On February 07, 2013 Doctor of History, Professor of the East European Institute of the Free University of Berlin, Mr. Andrey Makarychev, delivered an open lecture within the framework of an interdisciplinary seminar held by the Scientific-and-Training Centre “Centre for Cultural Researches into Post-Socialism”:
“Images of Russia in Germany: Normative Limits and Cultural Practices”
In many respects perception of Russia by the united Germany is based on a matrix consisting of binary oppositions like “democracy – tyranny”, “freedom – absence of freedom”, “open – close society”, which has deeply rooted itself in a German social conscience. These limits which go back to post-war history and history of the county unification not only form a modern German political discourse, but also manifest themselves in a miraculous manner as a cultural phenomenon, which is especially well read by the example of historical-and-cultural landscape of Berlin.
During his lecture Andrey Makarychev told the audience how German mass media and museums construct various images of Russia and how these images are connected with historical and cultural remembrance of relations between the two countries.

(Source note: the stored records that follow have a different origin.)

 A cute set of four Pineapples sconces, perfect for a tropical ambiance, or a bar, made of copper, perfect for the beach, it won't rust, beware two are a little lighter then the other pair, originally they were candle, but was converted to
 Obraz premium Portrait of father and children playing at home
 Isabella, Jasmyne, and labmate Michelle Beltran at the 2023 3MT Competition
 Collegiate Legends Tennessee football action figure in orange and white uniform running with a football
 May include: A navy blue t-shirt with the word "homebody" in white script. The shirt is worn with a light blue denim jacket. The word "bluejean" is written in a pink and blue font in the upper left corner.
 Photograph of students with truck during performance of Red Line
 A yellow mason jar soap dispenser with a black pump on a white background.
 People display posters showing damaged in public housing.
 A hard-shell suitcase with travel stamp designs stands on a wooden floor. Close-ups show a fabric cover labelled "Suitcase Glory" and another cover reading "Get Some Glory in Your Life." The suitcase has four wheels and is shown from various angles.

As a result the author comes to a conclusion that the structure of German discourse about Russia is not only historically predetermined and rooted in the history of mutual relations between the two countries, but is also determined by current relations between Russia and Germany to a large extent. It is difficult for Russia to fit in with German notions about democracy and tolerance. Furthermore, Mr. Makarychev made a supposition that Russia could change its negative cultural image which had formed in German mass media with the help of a soft power and an unobtrusive promotion of its new image, which would be able to correspond to ideals of German political society.